The Board believes that those two objectives suggest adopting different approaches for Non-SIIs and SIIs.

The ANPR notes that any minimum capital requirements must satisfy the Dodd-Frank Act's Collins Amendment, which requires the Board to establish minimum leverage capital and riskbased capital requirements that, on a consolidated basis, are at least as stringent as those in effect on July 21, 2010 and at the present time for insured depository institutions.3 As amended in 2014, the Collins Amendment provides the Board with flexibility to tailor these capital requirements to the risks presented by insurance companies.4 The ANPR states that the proposed capital standards are intended to complement the primary mission of state insurance regulators, which tends to focus on policyholder protection.

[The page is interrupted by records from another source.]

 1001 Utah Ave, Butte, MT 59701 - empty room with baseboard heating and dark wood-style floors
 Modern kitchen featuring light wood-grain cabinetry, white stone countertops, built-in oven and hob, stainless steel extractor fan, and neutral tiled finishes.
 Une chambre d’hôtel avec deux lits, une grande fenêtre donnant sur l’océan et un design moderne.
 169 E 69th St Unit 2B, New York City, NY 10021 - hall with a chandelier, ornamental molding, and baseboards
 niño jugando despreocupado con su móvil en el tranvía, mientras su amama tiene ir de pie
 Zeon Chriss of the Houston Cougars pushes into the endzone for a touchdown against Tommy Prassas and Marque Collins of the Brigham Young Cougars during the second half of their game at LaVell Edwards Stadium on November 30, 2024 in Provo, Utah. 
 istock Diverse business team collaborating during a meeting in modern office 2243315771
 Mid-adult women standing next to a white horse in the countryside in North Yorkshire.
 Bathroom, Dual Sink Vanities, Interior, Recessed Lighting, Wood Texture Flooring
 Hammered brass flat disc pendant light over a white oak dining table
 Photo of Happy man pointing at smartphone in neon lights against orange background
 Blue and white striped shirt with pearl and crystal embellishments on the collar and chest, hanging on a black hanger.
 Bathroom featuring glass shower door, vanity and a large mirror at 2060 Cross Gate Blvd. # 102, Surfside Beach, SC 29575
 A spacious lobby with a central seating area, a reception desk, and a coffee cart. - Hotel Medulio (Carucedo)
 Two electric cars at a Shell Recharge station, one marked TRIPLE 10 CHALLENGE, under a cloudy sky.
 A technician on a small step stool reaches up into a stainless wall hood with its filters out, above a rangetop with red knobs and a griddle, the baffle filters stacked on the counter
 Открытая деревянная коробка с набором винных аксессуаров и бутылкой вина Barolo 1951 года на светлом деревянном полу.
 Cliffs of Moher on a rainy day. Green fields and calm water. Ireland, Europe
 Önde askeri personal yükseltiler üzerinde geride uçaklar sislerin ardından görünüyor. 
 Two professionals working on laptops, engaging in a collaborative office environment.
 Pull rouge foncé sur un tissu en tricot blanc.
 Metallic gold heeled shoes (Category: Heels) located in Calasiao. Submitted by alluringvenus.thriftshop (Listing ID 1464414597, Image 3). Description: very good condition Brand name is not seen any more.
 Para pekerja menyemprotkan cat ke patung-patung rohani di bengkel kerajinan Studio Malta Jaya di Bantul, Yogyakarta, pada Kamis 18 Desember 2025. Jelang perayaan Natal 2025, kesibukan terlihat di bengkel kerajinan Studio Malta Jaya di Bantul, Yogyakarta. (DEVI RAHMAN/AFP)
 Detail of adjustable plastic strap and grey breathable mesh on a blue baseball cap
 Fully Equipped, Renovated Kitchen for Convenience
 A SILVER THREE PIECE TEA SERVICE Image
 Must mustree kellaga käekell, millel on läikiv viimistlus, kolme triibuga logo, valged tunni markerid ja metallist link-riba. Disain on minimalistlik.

The Board appears to acknowledge that the liability structures, asset classes and assetliability matching of insurers differ from those of bank holding companies. However, the Board notes that capital standards need to take into account both insurance and non-insurance risks and, to the extent possible, should take into account risks across the entire holding company system. The Board notes that a contagion can spread from unregulated subsidiaries to regulated ones (citing in particular the AIG experience during the financial crisis). The Board also seeks to advance standardized and consistent capital requirements rather than allowing a group to rely predominantly on internal models.


The ANPR proposes a "building block approach" (BBA) for Non-SIIs. Under the BBA, capital requirements at each regulated subsidiary (e.g., insurer, bank or thrift) would generally be determined using the regulatory capital rules (including risk-based capital) already applied to that subsidiary by the relevant regulator, which could be a state or non-US insurance regulator in the case of an insurer. (Unregulated subsidiaries would be analyzed using the existing standardized risk-based capital rules applicable to nonbank subsidiaries of bank holding companies.)

A holding company's aggregate capital requirements generally would be the sum of the capital requirements at each subsidiary with adjustments to address items such as differences in accounting, to eliminate intercompany transactions and to reflect "other crossjurisdictional differences such as differing supervisory objectives and valuation approaches." The BBA would involve developing a translation matrix--referred to as "scalars"--to put different regulatory regimes on an equivalent footing and then applying that matrix to address "intercompany transactions and other exposures (such as permitted accounting practices for insurers)." Scalars also would be used to ensure adequate reflection of safety and soundness and financial stability goals, rather than policyholder protection, as well as other relevant considerations. Notably, the ANPR does not specify scalar values or categories and invites comment on the criteria the Board should use to develop scalars.

The goal would be to impose some type of enterprise-wide capital requirement without forcing Non-SIIs to incur the burdens and costs associated with moving to consolidated financial reporting on a GAAP basis.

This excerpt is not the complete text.